OK it's not DSA, so as far as the Ethernet ports go, eth0.1 is the four LAN ports and eth0.2 is the WAN port.

DSA is a way to abstract a hardware switch so that in the configuration, it looks like independent CPU ports in a software bridge. Internally though, the DSA executive will utilize switching hardware where it is available.

But again DSA has not come to the C7 yet, so don't worry about it.

Switching a batman mesh output to a regular AP is a software bridge.

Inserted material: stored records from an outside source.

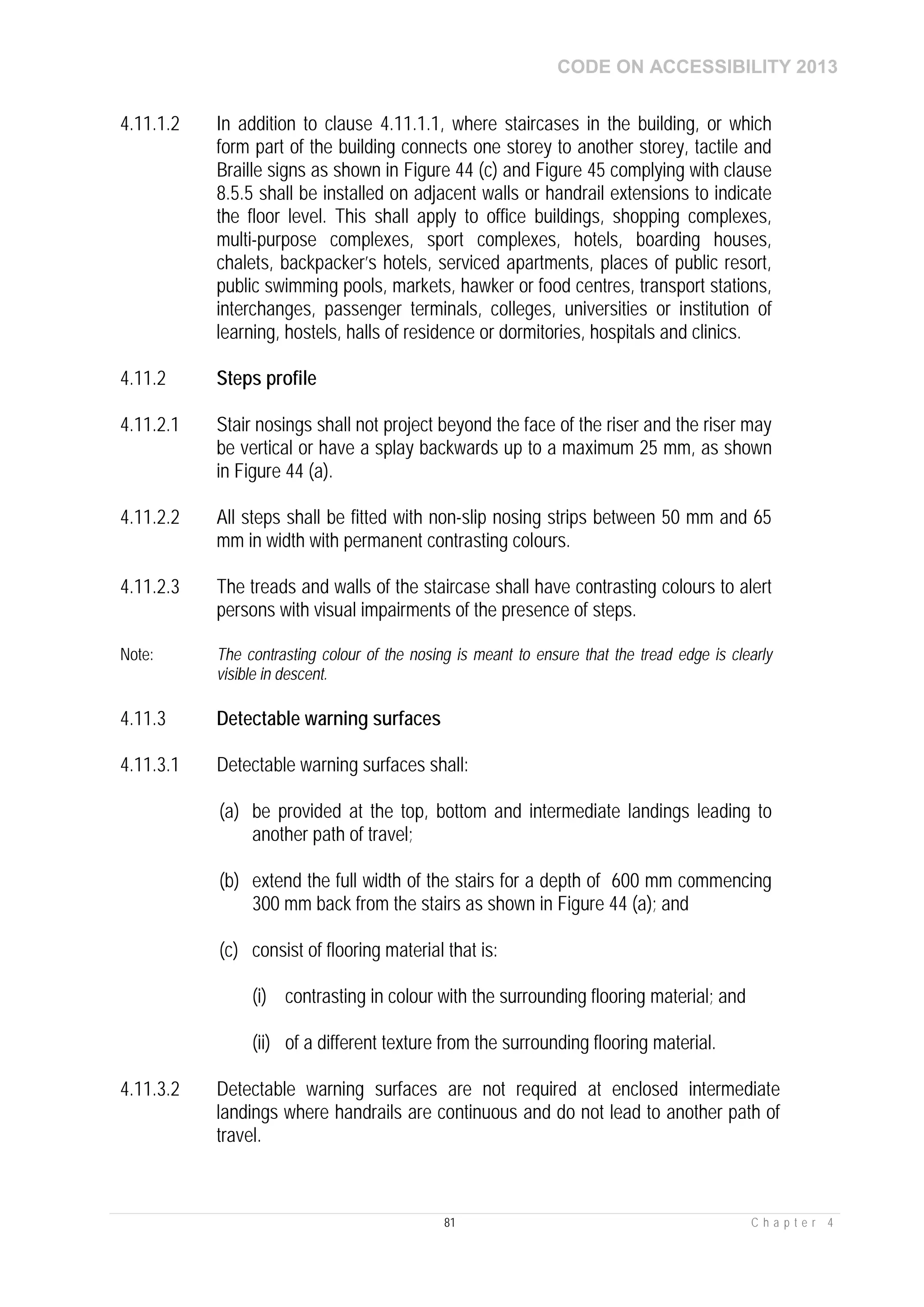 CODE ON ACCESSIBILITY 2013
81 C h a p t e r 4
4.11.1.2 In addition to clause 4.11.1.1, where staircases in the building, or which
form part of the building connects one storey to another storey, tactile and
Braille signs as shown in Figure 44 (c) and Figure 45 complying with clause
8.5.5 shall be installed on adjacent walls or handrail extensions to indicate
the floor level. This shall apply to office buildings, shopping complexes,
multi-purpose complexes, sport complexes, hotels, boarding houses,
chalets, backpacker’s hotels, serviced apartments, places of public resort,
public swimming pools, markets, hawker or food centres, transport stations,
interchanges, passenger terminals, colleges, universities or institution of
learning, hostels, halls of residence or dormitories, hospitals and clinics.
4.11.2 Steps profile
4.11.2.1 Stair nosings shall not project beyond the face of the riser and the riser may
be vertical or have a splay backwards up to a maximum 25 mm, as shown
in Figure 44 (a).
4.11.2.2 All steps shall be fitted with non-slip nosing strips between 50 mm and 65
mm in width with permanent contrasting colours.
4.11.2.3 The treads and walls of the staircase shall have contrasting colours to alert
persons with visual impairments of the presence of steps.
Note: The contrasting colour of the nosing is meant to ensure that the tread edge is clearly
visible in descent.
4.11.3 Detectable warning surfaces
4.11.3.1 Detectable warning surfaces shall:
(a) be provided at the top, bottom and intermediate landings leading to
another path of travel;
(b) extend the full width of the stairs for a depth of 600 mm commencing
300 mm back from the stairs as shown in Figure 44 (a); and
(c) consist of flooring material that is:
(i) contrasting in colour with the surrounding flooring material; and
(ii) of a different texture from the surrounding flooring material.
4.11.3.2 Detectable warning surfaces are not required at enclosed intermediate
landings where handrails are continuous and do not lead to another path of
travel.
 
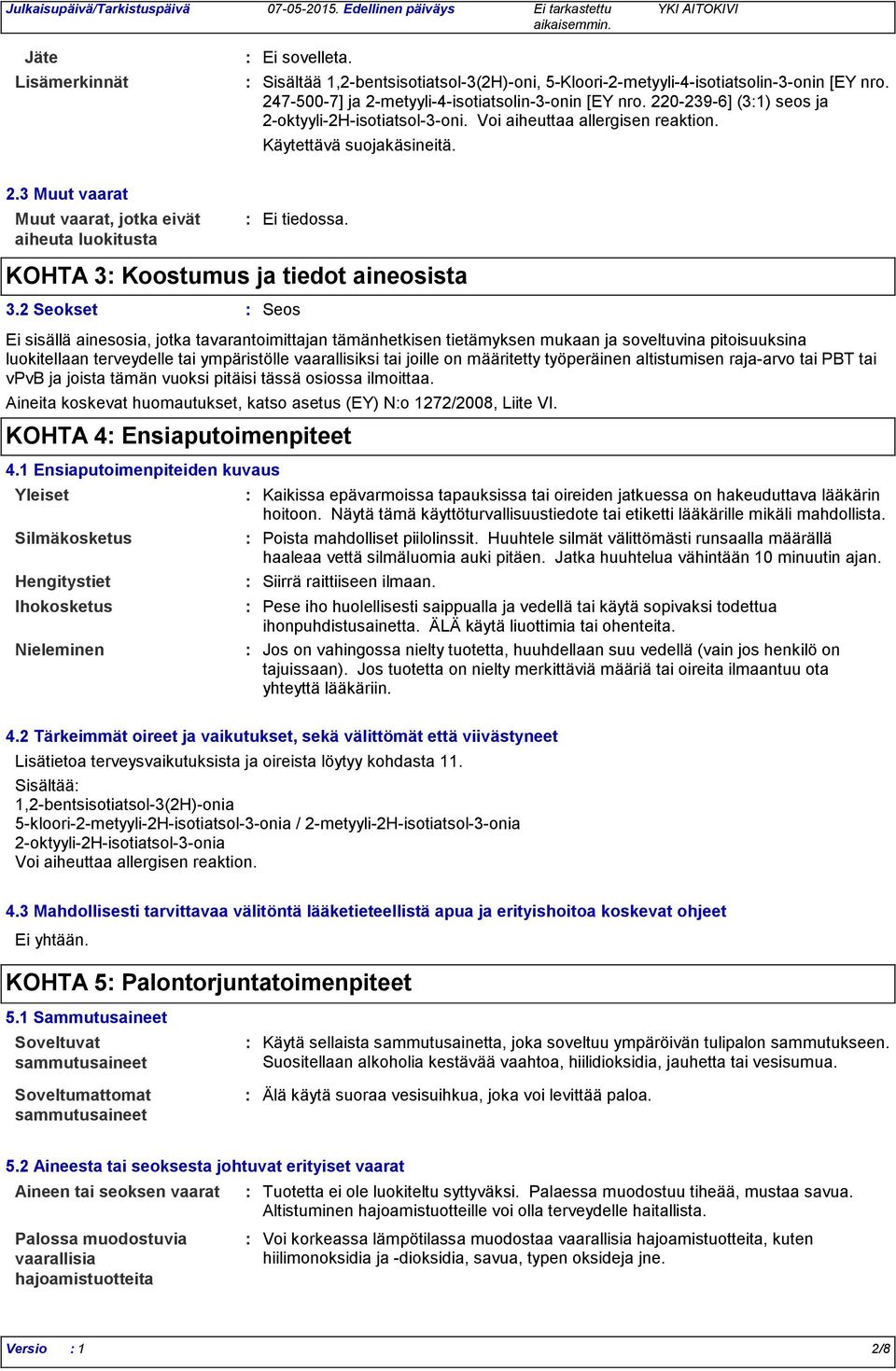 KOHTA 3 Koostumus ja tiedot aineosista 3.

These are configured by creating an overlaying virtual "device" of type bridge, and a name that starts with br-, and attaching the enslaved ports to it with list ports, one line for each port.

config device
    option name 'br-lan'
    option type 'bridge'
    list ports 'eth0.1'
    list ports 'bat0'

The results of this can be examined with brctl show, which will list the bridges and their members, including wifi interfaces that were brought in in /etc/config/wireless.

1 Like

OK. Many thanks; brctl now shows appropriate stuff. I have reported the working /etc/config/network, /etc/config/wireless, and brctl output in this discussion.

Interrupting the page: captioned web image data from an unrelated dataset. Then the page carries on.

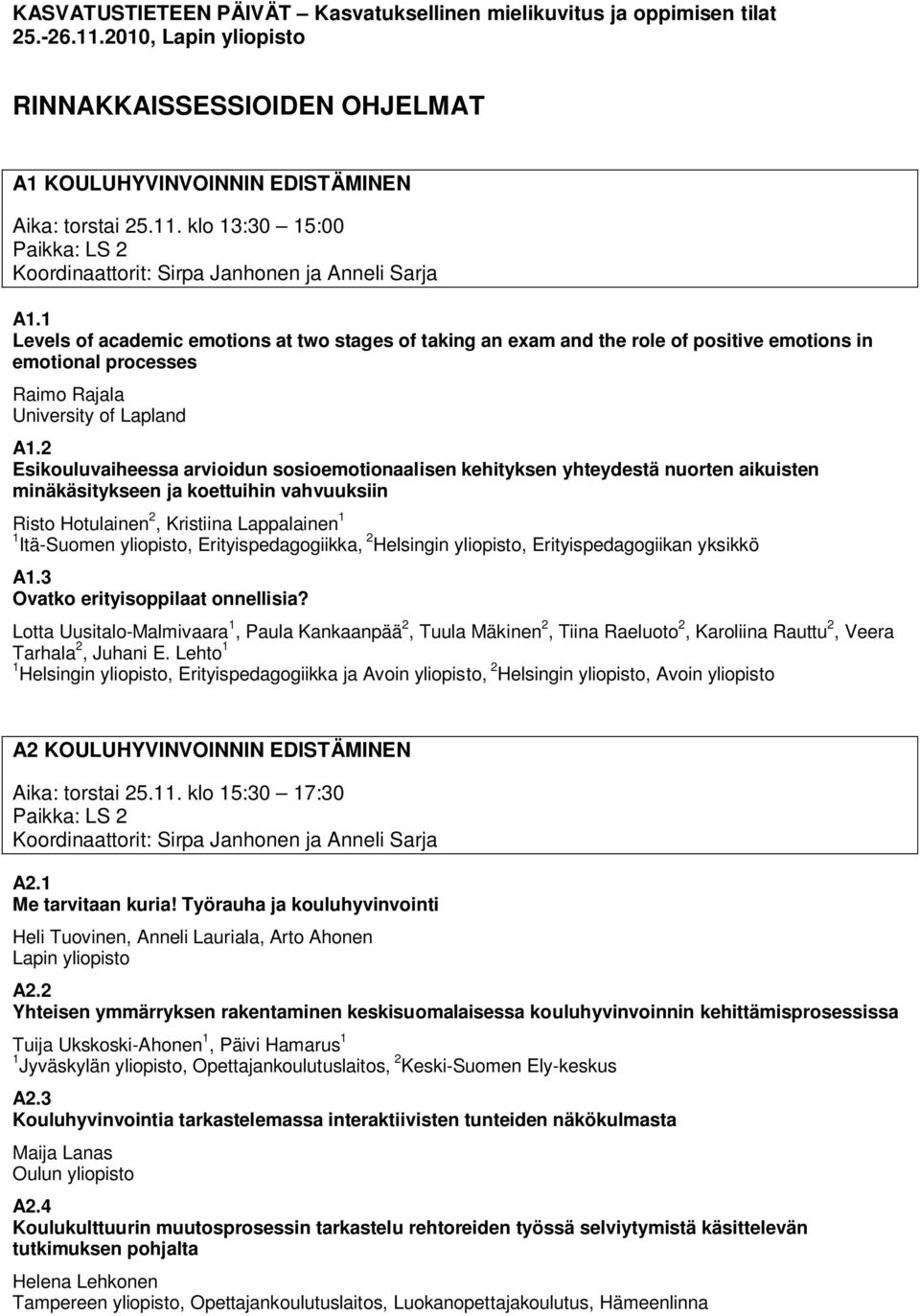 1 Levels of academic emotions at two stages of taking an exam and the role of positive emotions in emotional processes Raimo Rajala University of Lapland A1.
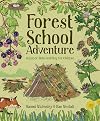 Forest School Adventure: Outdoor Skills and Play for Children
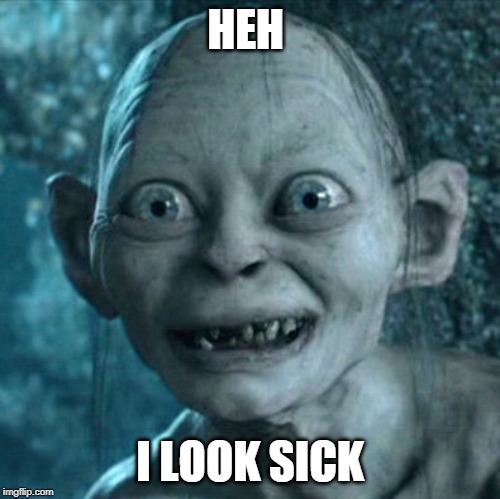 Gollum Meme | HEH; I LOOK SICK | image tagged in memes,gollum | made w/ Imgflip meme maker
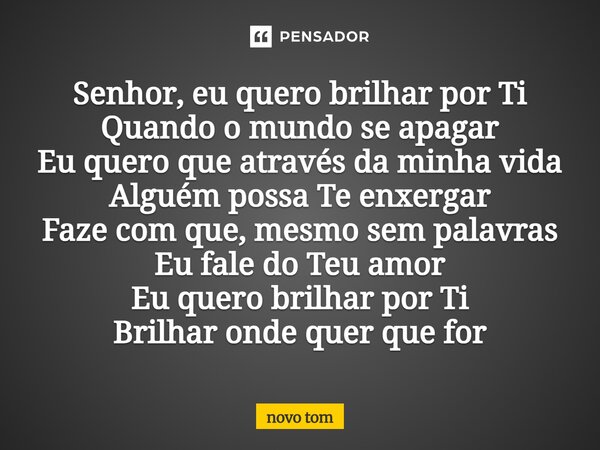 Senhor, eu quero brilhar por Ti Quando o mundo se apagar Eu quero que através da minha vida Alguém possa Te enxergar Faze com que, mesmo sem palavras Eu fale do... Frase de Novo Tom.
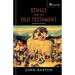 Ethics and the Old Testament: Second Edition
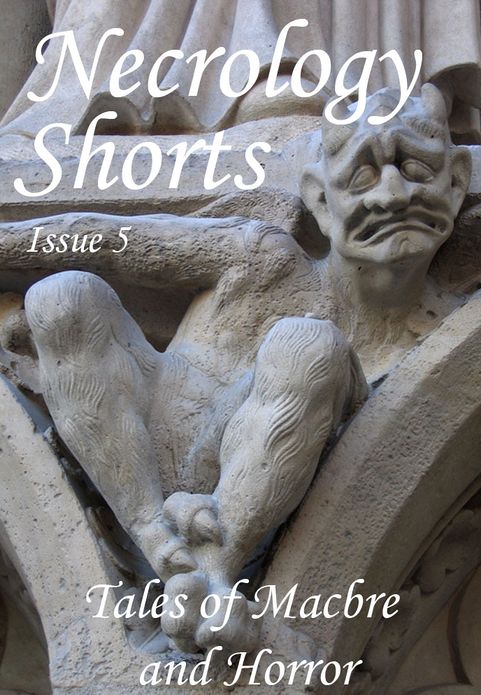 Necrology Shorts Anthology- Issue 5: Tales of Macabre and Horror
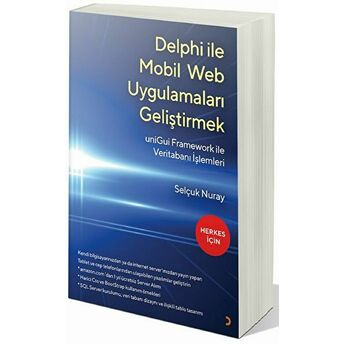 Delphi Ile Mobil Web Uygulamaları Geliştirmek Selçuk Nuray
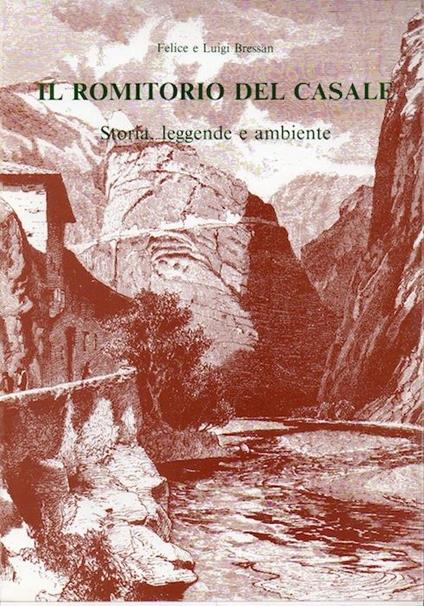 Il romitorio del Casale: storia, leggende e ambiente - Felice Bressan - copertina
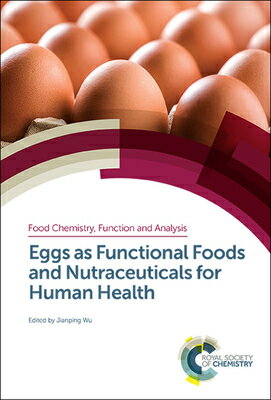 Eggs as Functional Foods and Nutraceuticals for Human Health EGGS AS FUNCTIONAL FOODS & NUT （Fo..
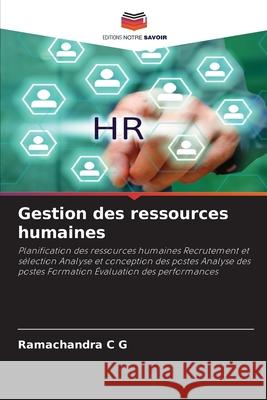 Gestion des ressources humaines Ramachandra C G 9786202581233 Editions Notre Savoir - książka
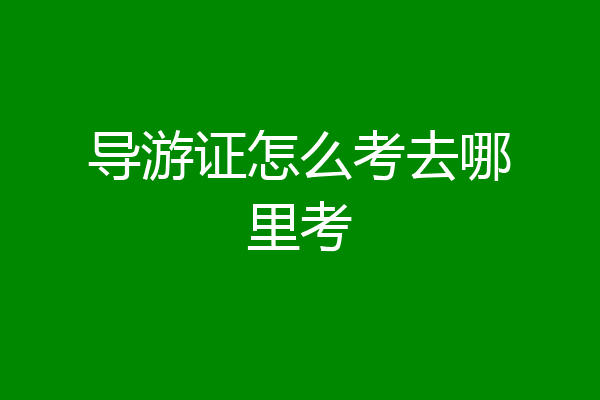 导游证怎么考去哪里考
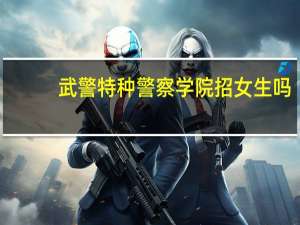 武警特种警察学院招女生吗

But the problems are not quite solved yet, because Batman still doesn't work. The only relevant complaint I have found in the log suggests that perhaps wpa_supplicant is incompatible with what used to work in /etc/config/wireless. Here's what I'm seeing in the log:

Thu Jun 24 20:58:15 2021 daemon.err wpa_supplicant[1480]: Line 8: too large mode (value=5 max_value=4)
Thu Jun 24 20:58:15 2021 daemon.err wpa_supplicant[1480]: Line 8: failed to parse mode '5'.
Thu Jun 24 20:58:15 2021 daemon.err wpa_supplicant[1480]: Line 16: failed to parse network block.
Thu Jun 24 20:58:15 2021 daemon.err wpa_supplicant[1480]: Failed to read or parse configuration '/var/run/wpa_supplicant-wlan0.conf'.
Thu Jun 24 20:58:15 2021 daemon.notice netifd: radio0 (5073): Interface 0 setup failed: WPA_SUPPLICANT_FAILED
Thu Jun 24 20:58:15 2021 daemon.notice netifd: radio0 (5073): WARNING (wireless_add_process): executable path /usr/sbin/wpad does not match process  path (/proc/exe)

So:

root@rpc149:~# cat /var/run/wpa_supplicant-wlan0.conf
network={
        ssid="meshD"
        key_mgmt=SAE
        mode=5
        fixed_freq=1
        frequency=5180
        ht40=1
        vht=1
        max_oper_chwidth=1
        sae_password="XXXX"
        beacon_int=100
}

On another node where my lucky snapshot is running in production, here's what the log says about wpa:

root@rpc150:~# logread | fgrep -i wpa
Thu Jun 24 09:04:05 2021 daemon.notice wpa_supplicant[1367]: Successfully initialized wpa_supplicant
Fri Jun 25 04:35:03 2021 daemon.notice wpa_supplicant[1367]: wlan0: leaving mesh
Fri Jun 25 04:35:04 2021 daemon.err wpa_supplicant[1367]: wlan0: mesh leave error=-134
Fri Jun 25 04:35:06 2021 daemon.notice wpa_supplicant[1367]: wlan0: interface state UNINITIALIZED->ENABLED
Fri Jun 25 04:35:06 2021 daemon.notice wpa_supplicant[1367]: wlan0: AP-ENABLED
Fri Jun 25 04:35:06 2021 daemon.notice wpa_supplicant[1367]: wlan0: joining mesh meshD
Fri Jun 25 04:35:06 2021 daemon.notice wpa_supplicant[1367]: wlan0: CTRL-EVENT-CONNECTED - Connection to 00:00:00:00:00:00 completed [id=0 id_str=]
Fri Jun 25 04:35:06 2021 daemon.notice wpa_supplicant[1367]: wlan0: MESH-GROUP-STARTED ssid="meshD" id=0

On that same (working) node:

root@rpc150:~# cat /var/run/wpa_supplicant-wlan0.conf
country=US
network={
        ssid="meshD"
        key_mgmt=SAE
        mode=5
        mesh_fwding=0
        fixed_freq=1
        frequency=5745
        ht40=1
        vht=1
        max_oper_chwidth=1
        sae_password="XXXX"
        beacon_int=100
}

At this moment, I'm guessing that wpa_supplicant isn't supporting mesh mode, so I'm wondering whether I need to make a change to wpad. I'm looking into it now.

Replace package wpad-wolfssl with wpad-mesh-wolfssl.